The Land Use Committee has been busy, Spigner said, working with the Site Selection Subcommittee, chaired by Noach Deer, in finding locations for the homeless shelters the mayor has proposed. Spigner said he supports the fair distribution of "burdens and benefits" outlined by the charter. Before "less expensive areas", he said, often became "dumping grounds" for social services.

For example, he said, Queens Community Board 12, in Spigner's home district, has 50 percent of the homeless population in the borough and they have been slated to get 2 more sites.

Spigner said we must differentiate between the traditional definition of homeless - those displaced by fire or other disaster - and those that suffer from mental illness or alcoholism who need additional services. Once you separate out those with complex problems and put them in a different setting, he said, "The remaining might be more easily placed."
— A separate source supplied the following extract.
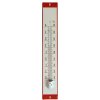 Venkovní teploměr smaltovaný, Červenobílý 860x140 mm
On whether or not he is anxious to head the Land Use Committee, Spigner said: "If nominated, I'll run. If selected, I'll serve."

Eisland Headed Community

Planning Board

"I believe development is the engine that drives this city, but it has to be rational," said Councilwoman Eisland. "You can't do it at the moment. There has to be long-range planning."

A member of the council since 1979, Eisland's district includes: Kingsbridge, Kingsbridge Heights, Fordham Hill, Riverdale, Woodlawn and parts of Bedford Park, Marble Hill and Wakefield. Co-op City was part of her district until the recent redistricting.

The councilwoman arrived at elected office via community board work. Other positions, she was formerly the chair of Community Planning Board 8.

Eisland said she is a proponent of landmarks, but proposed designations, she said, are sometimes "overreaching." While Eisland also voted against the landmarking of the Antonin Dvorak House, she voted in favor of the Tribeca Historic District. She did support, however, excluding some properties that were on the periphery. Eisland said she helped in the effort to create the first historic landmark district in the North Bronx - the Riverdale Historic District. The approximately 100 homeowners there, she said, were in favor of the landmarking, but one owner objected because his house was built later than the others. As a result, Eisland said, they created a two-tier system that created a cutoff date for newer properties. When asked if she supported doing the same for commercial owners, Eisland said, the idea had never been presented to her.

Eisland says she believes in zoning and planning that will prevent residential areas from becoming overbuilt. While chairing Community Planning Board 8, she said, the board created "a master plan" for the Riverdale, Kingsbridge, Kingsbridge Heights, Marble Hill, and Van Cortland Village areas. It was this master plan, she said, that led her to vote against the Tibbetts Gardens project in the Bronx. The area surrounding the project was in need of more schools, she said, and more housing units would have intensified that need.

While Eisland said she would gladly accept the new position, if not chosen, she would continue to enjoy her position at transportation. Eisland said she has been a leader in forging alternate forms of transportation such as water-borne transportation. She also believes transportation should be an integral part of land use planning residential and commercial uses.

On the issue of party loyalty, Eisland acknowledged that she "works well with leadership." She said, however, that she is a moderate.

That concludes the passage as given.